Perhaps as a measure of team’s self-perceived stolen-base talent, we could look at the rate of steal attempts per opportunities (as in steals per times a player was on base with a base open, excluding steal of home opportunities, as defined by Baseball-Reference). Over the last 20 seasons, teams have used very different levels of aggressiveness, so this gives us a decent sample with which to work:

*NOTE: They don’t show up on the x-axis here, but who do you think had the lowest attempt rate over the last two decades? Would you believe it was the 2000 Athletics? Yes, you would believe it. In fact, you knew it — deep in your chest, behind the lungs somewhere — you knew it already.*

The rate a team attempts steals could suggest the quality of base-stealing talent on their roster, but I fear one major confounding factor is that most managers are — at least subconsciously — aware of the relationship between home rates and steal values. So attempt rates may also reflect the manager’s understanding or expectations of the lineup, or reflect the manager’s personal style. Either way, attempt rates have little in the way of a meaningful relationship with stolen-base success (think: .056 R-squared).

We could look at extra bases taken (not extra base hits, necessarily) as this can act as a proxy for both speed and base running awareness. Again, Baseball-Reference has a healthy compendium of this data (though collating it into a single spreadsheet encompassing multiple seasons is like doing dental work on a G.I. Joe). But every whichaway I regressed these elements on each other produced little more than a .120 R-squared — meaning extra bases and similar such stats explained only, at most, 12% of the fluctuations in either SB success rates or SB attempt rates.

Ideally, I would have batter’s-box-to-first-base stopwatch times for players, some concrete speed stat, independent of the SB-CS ratio. But I don’t. But I do have something else.

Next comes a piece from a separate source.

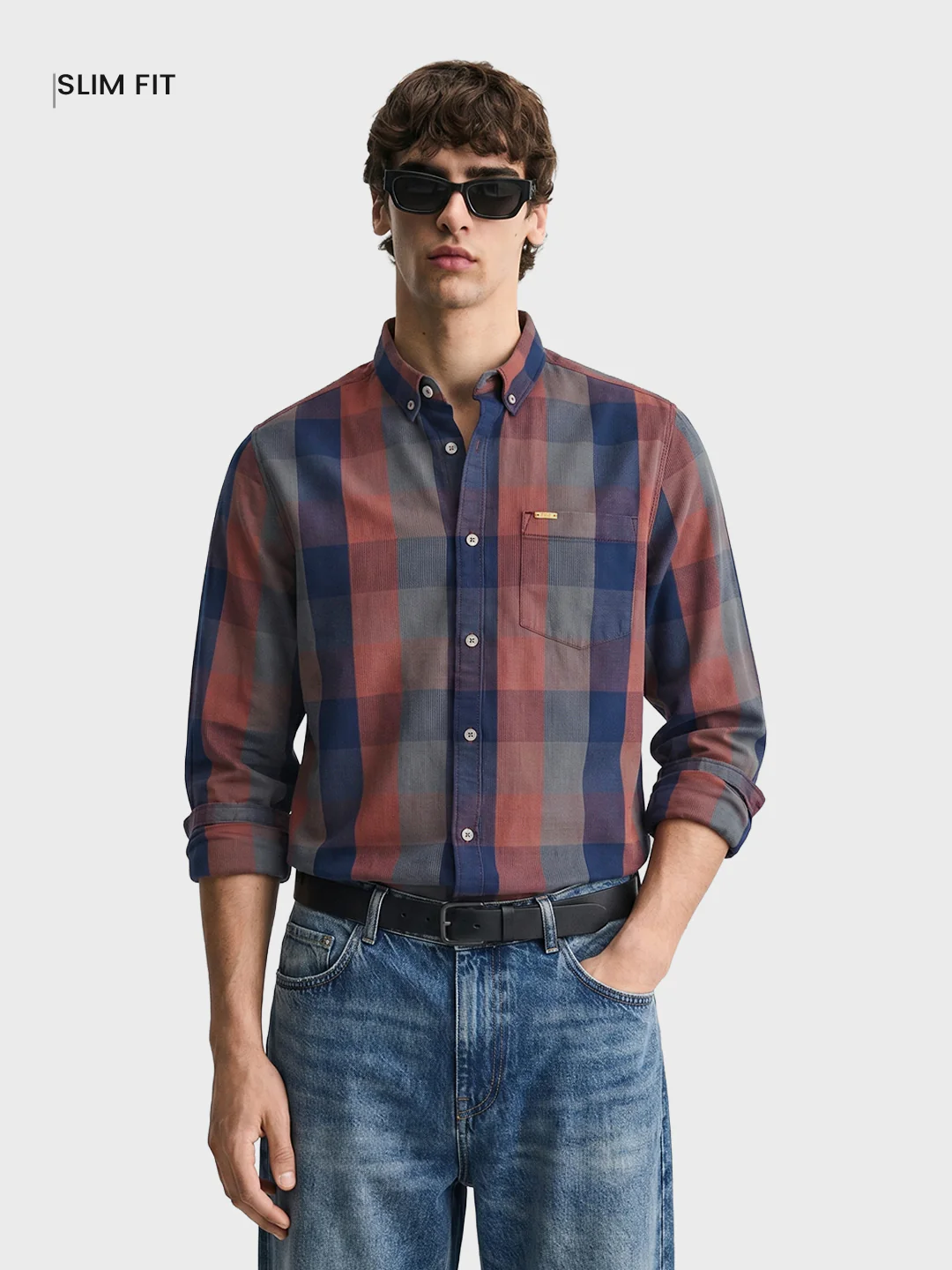 Men's Brown Slim Fit Checkered Casual Shirts - Image 2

I have you. That’s right, Atreyu, I’m looking for your expertise. For the life of me, I cannot fathom the next step (maybe I’m at the edge of the fjord and I should just stop), but I suspect there is some complex, long-forgotten (by myself, at least) statistical technique that will render extra-base-taken or the stolen-third-base-rates somehow newly afresh.

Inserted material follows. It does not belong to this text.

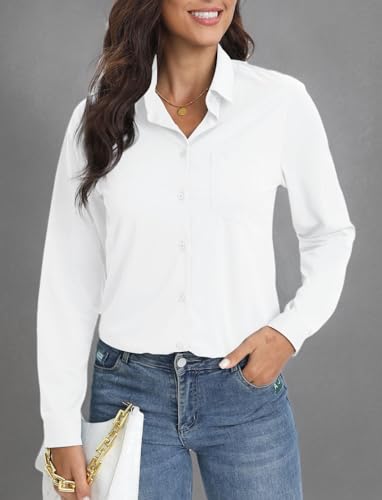 COUXILY Soft Wrinkle-Free Button Down Stretch Shirts for Women, Breathable Moisture-Wicking Casual Work Dress Tops4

Here is the data I collected:

But don’t feel bound to this set. If there is something I am overlooking, please let me know.

Why is this important? Why is this worthy of your talent and time?

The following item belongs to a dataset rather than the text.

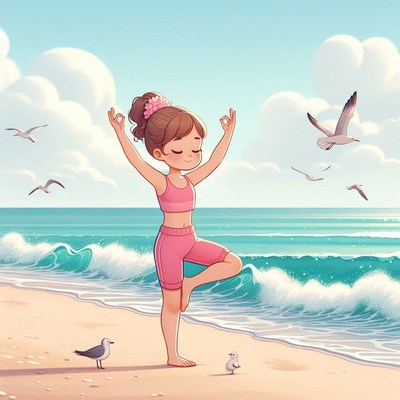Child practicing yoga on a beach during the day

If we can predict a team’s stolen base talent, we can predict a more exact stolen-base attempt rate for that team. And if we can do it on the team level, we can do it on the player level and the lineup level just as easily. We can look at a player’s StealX and the following five HR-rates and say, Jimmy, get aggressive, try for a steal 15% of every opportunity you’ve got.

But first I need your help. First we need to find StealX. We need to predict stolen base talent.

I have a question about the Acceptable SB% in the 2nd graph. Is this the break-even point? Because if so, it suggests to me that teams were stealing too much. An Acceptable SB% equal to the actual SB% would imply that net, teams derived no value from SBs.

Correct. It seems that only recently have teams been able to extract any net positive value from SBs. My guess is that the success rate will continue to improve as teams eliminate attempts where the probability of success is <66%.

Right that’s what I was thinking. Intuitively, you want to keep stealing while the *marginal* success rate is above the break-even point, but the marginal rate will always be lower than the average rate. If the average rate equals the break-even rate, that would imply teams were attempting steals with a probablility below the break-even rate that were pulling the average down to break-even.

This is precisely why we want to find some method of guessing marginal steal success rates. No, you don’t want to have a net 0% (a la Mets and Cubs in 2012 http://www.fangraphs.com/blogs/index.php/the-changing-caught-stealing-calculus-2/), but keeping 5% or so above should, theoretically, keep you in the most productive zone. I look at the late 1980s as the ideal era of base-stealing efficiency.

Gotcha. So your contention is that the marginal SB% is currently above the break-even point. I certainly could see that being true; as you allude to in the piece that’s a very difficult thing to analyze.